Caption-style text data:

+++

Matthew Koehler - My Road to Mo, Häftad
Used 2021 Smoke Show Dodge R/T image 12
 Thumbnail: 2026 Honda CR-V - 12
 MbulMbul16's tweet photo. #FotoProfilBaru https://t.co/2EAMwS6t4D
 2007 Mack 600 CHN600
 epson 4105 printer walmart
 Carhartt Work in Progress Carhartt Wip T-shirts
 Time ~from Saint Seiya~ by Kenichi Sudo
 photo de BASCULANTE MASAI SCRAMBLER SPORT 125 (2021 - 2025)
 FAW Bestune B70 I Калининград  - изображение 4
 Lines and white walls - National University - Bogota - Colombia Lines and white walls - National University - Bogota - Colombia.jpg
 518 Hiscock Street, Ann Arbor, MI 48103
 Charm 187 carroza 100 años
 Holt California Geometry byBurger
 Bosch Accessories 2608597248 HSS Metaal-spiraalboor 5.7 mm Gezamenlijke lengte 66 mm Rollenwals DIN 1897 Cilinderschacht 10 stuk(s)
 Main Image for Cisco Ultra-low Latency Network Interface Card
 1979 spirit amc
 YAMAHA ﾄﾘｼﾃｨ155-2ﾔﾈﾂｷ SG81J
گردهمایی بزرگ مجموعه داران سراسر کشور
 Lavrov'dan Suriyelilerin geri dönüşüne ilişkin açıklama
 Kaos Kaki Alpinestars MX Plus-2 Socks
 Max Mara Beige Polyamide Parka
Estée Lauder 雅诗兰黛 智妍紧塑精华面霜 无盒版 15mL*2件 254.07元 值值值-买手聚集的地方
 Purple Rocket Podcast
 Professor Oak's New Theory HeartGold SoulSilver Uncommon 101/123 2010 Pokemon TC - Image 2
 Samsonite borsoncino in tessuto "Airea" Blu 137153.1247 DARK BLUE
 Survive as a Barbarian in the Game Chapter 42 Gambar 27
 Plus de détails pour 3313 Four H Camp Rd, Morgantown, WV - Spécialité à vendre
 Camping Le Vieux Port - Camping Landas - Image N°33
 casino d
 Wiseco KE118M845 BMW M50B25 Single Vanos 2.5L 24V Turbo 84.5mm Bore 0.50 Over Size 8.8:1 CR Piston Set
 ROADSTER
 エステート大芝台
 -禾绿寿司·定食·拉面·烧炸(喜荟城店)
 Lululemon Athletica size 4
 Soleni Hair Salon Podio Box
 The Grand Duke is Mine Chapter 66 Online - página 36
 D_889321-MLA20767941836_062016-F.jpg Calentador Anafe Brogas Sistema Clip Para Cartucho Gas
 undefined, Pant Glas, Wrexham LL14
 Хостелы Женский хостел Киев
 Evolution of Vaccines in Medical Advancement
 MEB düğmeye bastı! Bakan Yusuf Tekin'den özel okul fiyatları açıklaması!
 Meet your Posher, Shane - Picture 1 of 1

+++

* [ACTIVITY] Your task is to return each line of the data above that contains the string "photo".

* [RESULT BELOW]
 MbulMbul16's tweet photo. #FotoProfilBaru https://t.co/2EAMwS6t4D
 photo de BASCULANTE MASAI SCRAMBLER SPORT 125 (2021 - 2025)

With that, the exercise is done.